Wednesday, March 27, 2024

New AI allows legged-robots to rapidly adapt to real world environments

Researchers from Carnegie Mellon University, the University of California, Berkeley, and Facebook AI have taught a four-legged robot to adapt to different conditions while walking – in real-time. The robot was able to walk over rocks, mud, sand, stairs, slippery surface, through a construction site, and around outdoor terrain.

A major obstacle to deploying legged robots – whether with two, four, or even more legs – is figuring out how the robot will respond to changing conditions. Humans can adapt to different conditions and adjust to carrying a heavy backpack or limp along with an injured ankle. But, legged robots cannot adjust so quickly.

Seeking to change that, the research team has developed a Rapid Motor Adaptation (RMA) algorithm that helps four-legged robots adjust in real-time to unseen scenarios such as changing terrains, changing payloads, wear and tear.

RMA consists of two components: a base policy and an adaptation module. The combination of these components enables the robot to adapt to novel situations in fractions of a second.

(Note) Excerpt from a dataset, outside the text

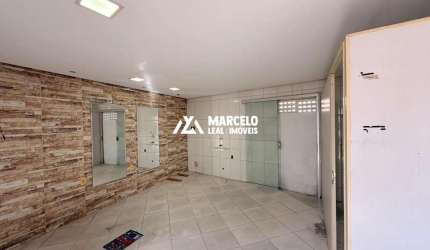 Alugo Salão Comercial com 30 m² na Morada dos Passaros I podendo ser usado pra d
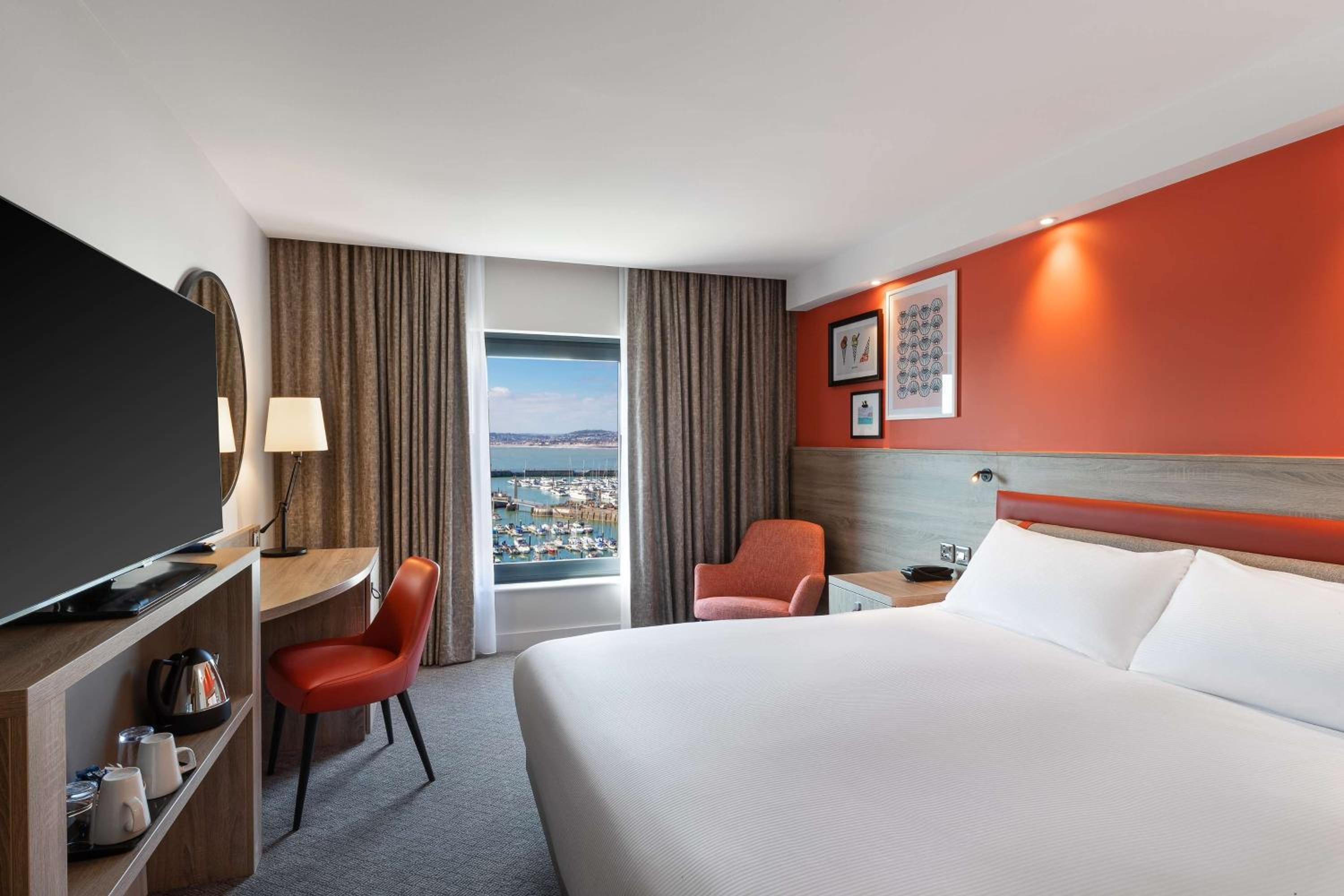 King Room with View - Photo 6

The team tested RMA by deploying it on the Unitree A1 robot without any fine-tuning. The algorithm does not rely on any hand-coded motions and allows the robot to learn how to adapt quickly through trial and error and interact with the surroundings. The robot learns from how its body reacts on different surfaces, just the way humans do.

The focus is not walking. It is learning,” said Pathak, an assistant professor in the Robotics Institute at CMU. “By falling thousands of times or millions of times in simulation, it learns to walk from scratch and adapts to the ever-changing real world. Since the algorithm’s focus is learning, it is applicable to any kind of robot, not just this one.

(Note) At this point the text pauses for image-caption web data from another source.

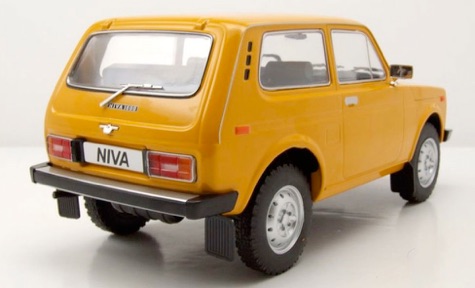 Lada Niva 1976 naranja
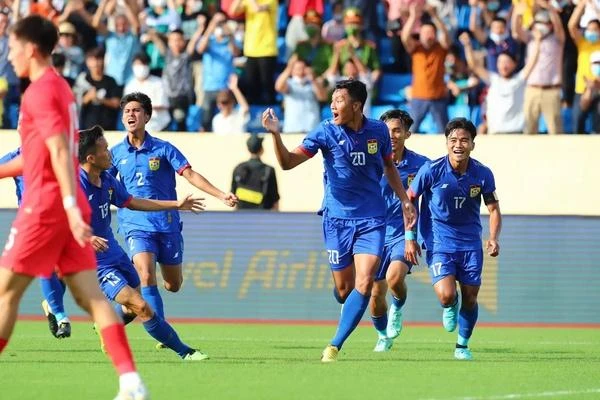 Đáng tiếc cho U-23 Lào đánh mất một trận thắng tưởng chừng nằm trong tay. Ảnh: CTV Đáng tiếc cho U-23 Lào đánh mất một trận thắng tưởng chừng nằm trong tay. Ảnh: CTV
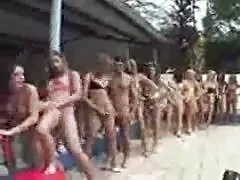 Cô phim séc 2017 trang phục màu đỏ thủ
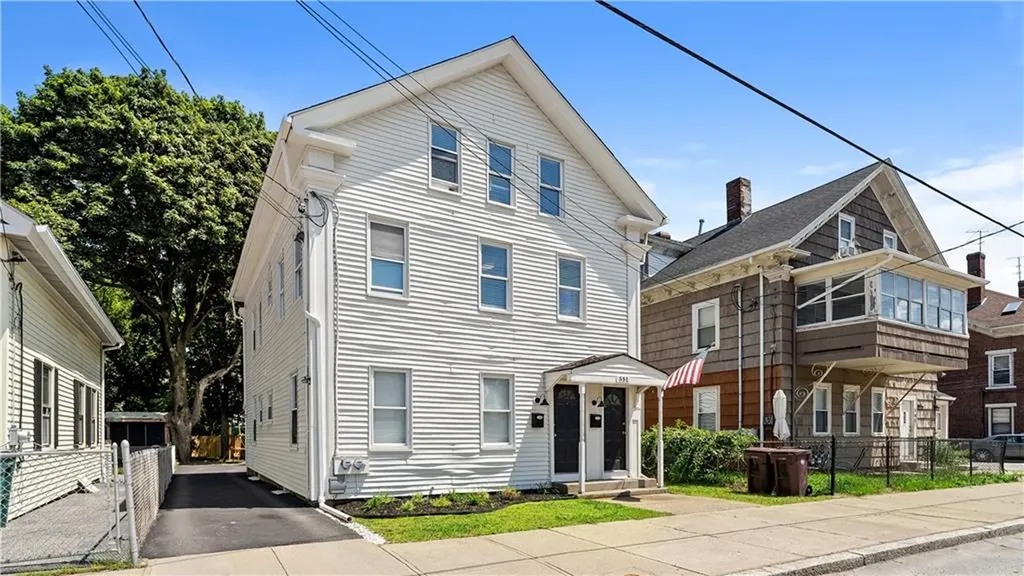 551 Pond Street Woonsocket RI 02895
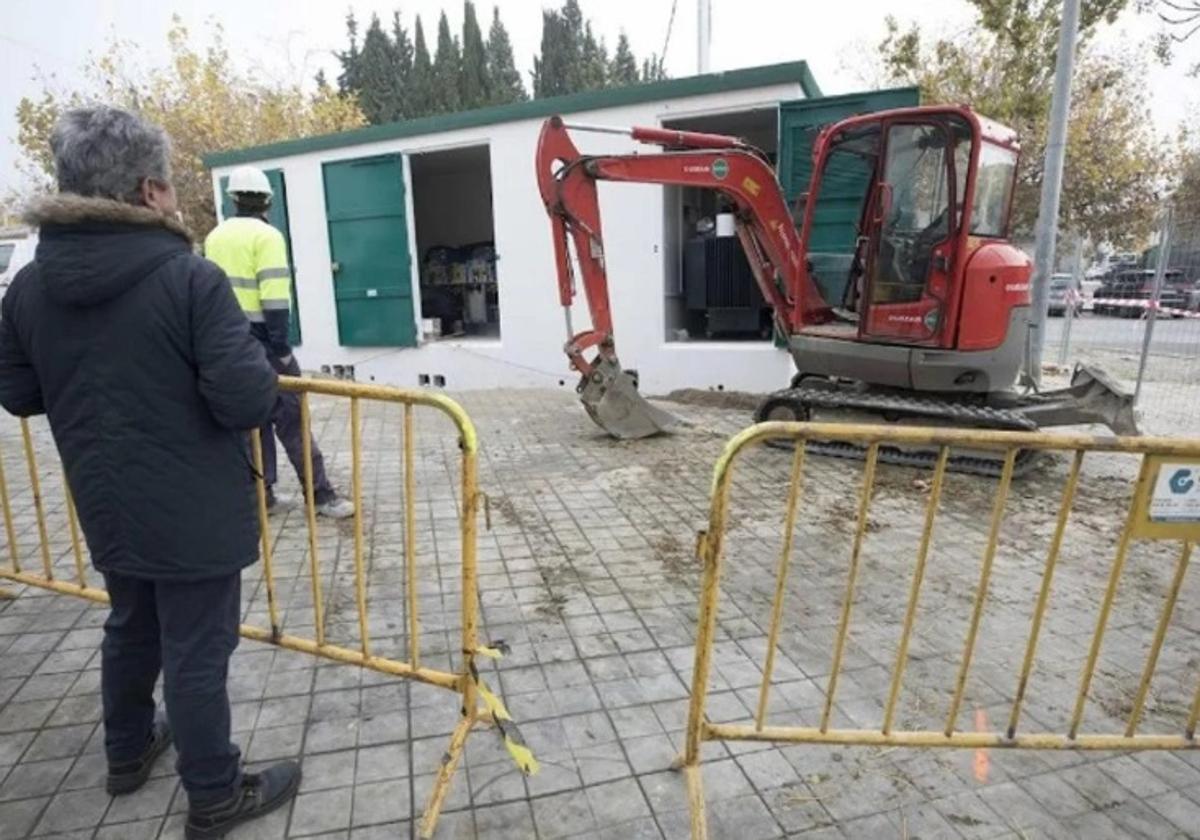 Instalación de un transformador en la zona norte.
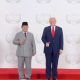 Momen Santai di Tengah KTT : Prabowo-Trump Tunjukkan Keakraban Lewat Gestur Jempol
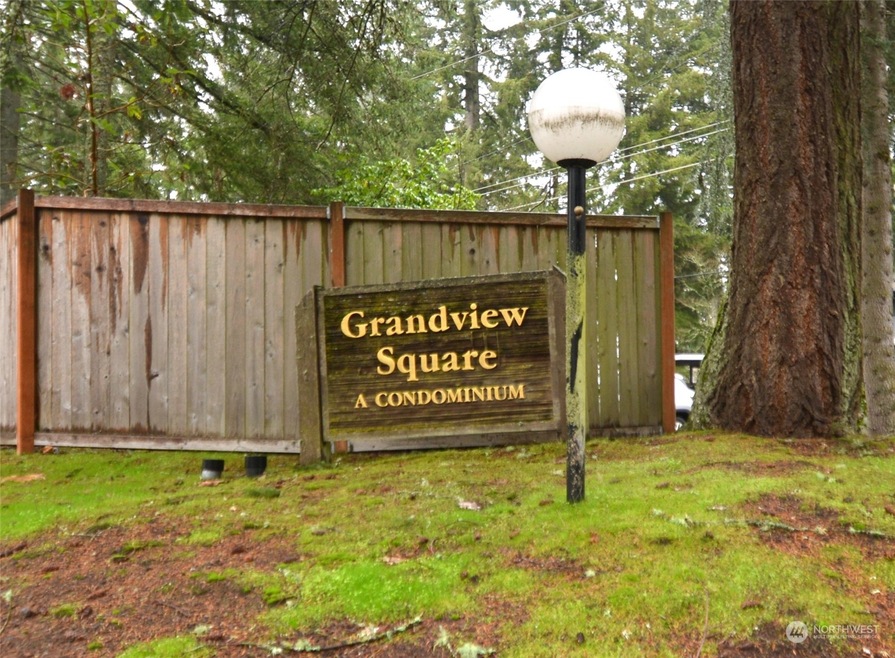 9721 Bristonwood Dr W unit 11C, University Place, WA 98467 - photo 1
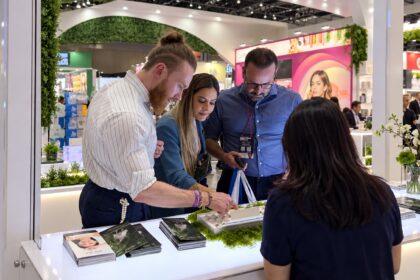 Carolina Facco participou da K-Beauty Expo Korea para encontrar ingredientes e formulações para os próximos produtos da Cicatribem.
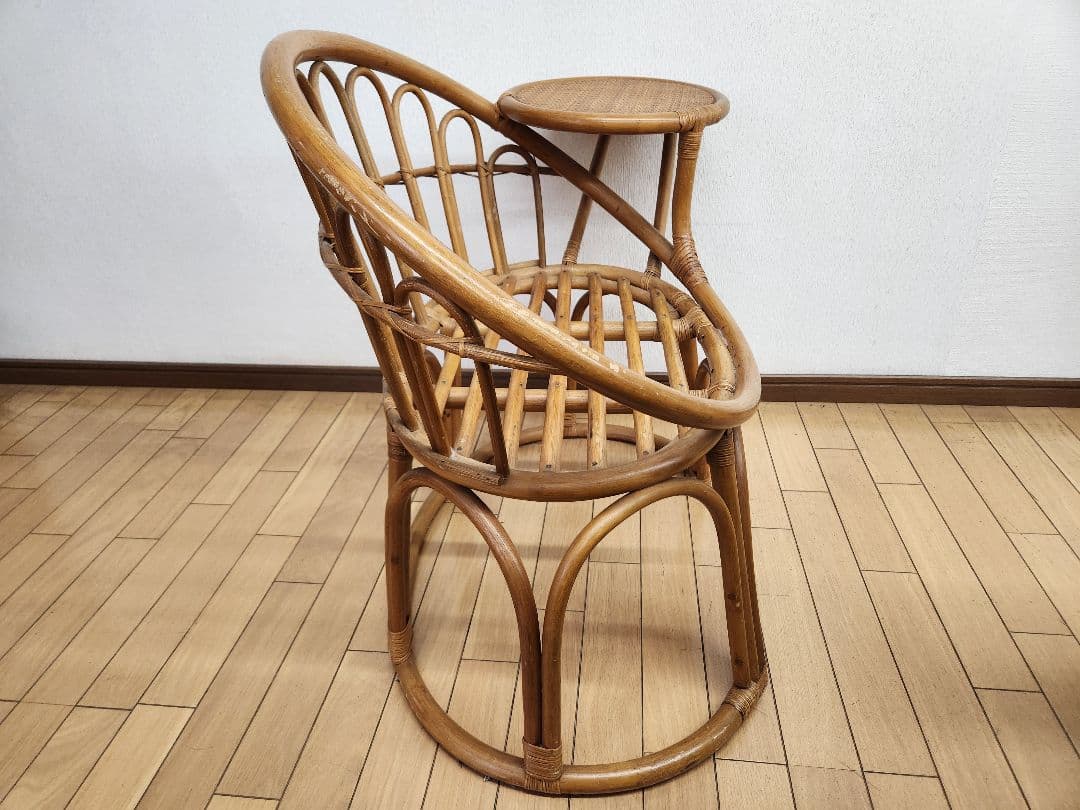 ラタン サイドテーブル付きカーブチェア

Testing showed that the RMA-enabled robot outperformed competing systems when walking over varied surfaces, slopes, and obstacles and when carrying different payloads.

If you pick up a backpack, you adjust your motion without knowing the exact weight. If the terrain beneath your feet changes, you adjust your balance to compensate. RMA does this by adapting the robot joints in real-time,” said Ashish Kumar, a Ph.D. student at Berkeley.